Reeves Faces Backlash Over £1.7 Billion Business Rates Overhaul

Retailers warn of ‘carnage’ as Chancellor’s autumn Budget plan targets large high street stores

Chancellor Rachel Reeves is facing mounting criticism from some of the UK’s most prominent retail giants following plans to introduce a £1.7 billion reform to business rates in her upcoming autumn Budget. The proposed changes, which are designed to shift the burden away from small high street businesses and towards large premises, have sparked fears of job losses, shop closures, and what some have described as “carnage” on the high street.

Under the new proposals, businesses operating from larger premises—particularly department stores, supermarkets, and warehouse-sized outlets—could face significantly higher business rates. This would help fund tax reductions for smaller retail, hospitality, and leisure venues, as the Treasury attempts to rebalance the system in favour of independent and community-based businesses.

The Treasury argues that the reforms will create a “fairer” system, one that favours smaller, often family-run operations over vast, multinational companies, especially online giants who have historically paid less in business rates.
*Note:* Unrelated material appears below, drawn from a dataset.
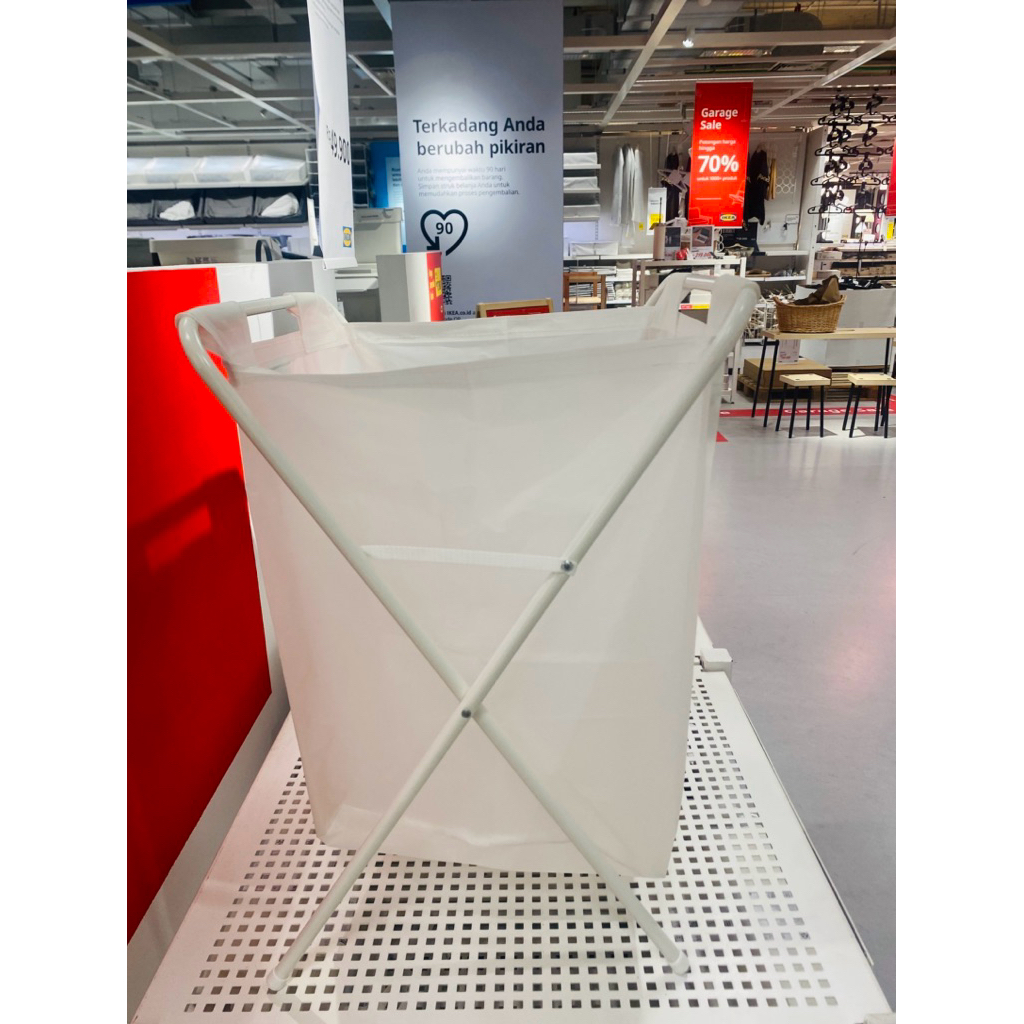 [READY] KERANJANG BAJU KOTOR TEMPAT LAUNDRY BAJU KOTOR TEMPAT BAJU KOTOR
However, retail leaders are warning that the changes could backfire, causing widespread store closures and further damage to already struggling town centres.

A Divisive Strategy

At the heart of the Government’s plan is a surcharge on commercial properties with a rental value of £500,000 or more annually. Legislation passed in April gives ministers the power to apply a surcharge of up to 10 pence in the pound for such properties. This is part of a broader strategy to fill a gaping £5 billion hole in the public finances—one that has been exacerbated by recent U-turns on welfare policies and winter fuel subsidies.

Chancellor Reeves has insisted that the surcharge is a necessary move to protect smaller traders from rising operating costs. However, she has stopped short of confirming exactly what level the surcharge will be set at, leading to speculation that she may opt for the maximum rate of 10 pence in the pound to generate as much revenue as possible.

Retail groups and trade bodies have expressed alarm at the potential fallout. Marks & Spencer (M&S), one of Britain’s largest and most iconic high street brands, has emerged as a vocal opponent of the proposals. The company has warned that 111 of its stores would be directly impacted by the tax hike, potentially forcing closures and reducing employment opportunities in many parts of the country.

“Larger retailers are frequently anchor tenants that attract footfall to town centres,” M&S wrote in a detailed submission to Deputy Prime Minister Angela Rayner, whose department oversees local government and business rates collection. “Penalising them in order to provide relief to smaller units is counterproductive. If we close, the small independents around us lose traffic too.”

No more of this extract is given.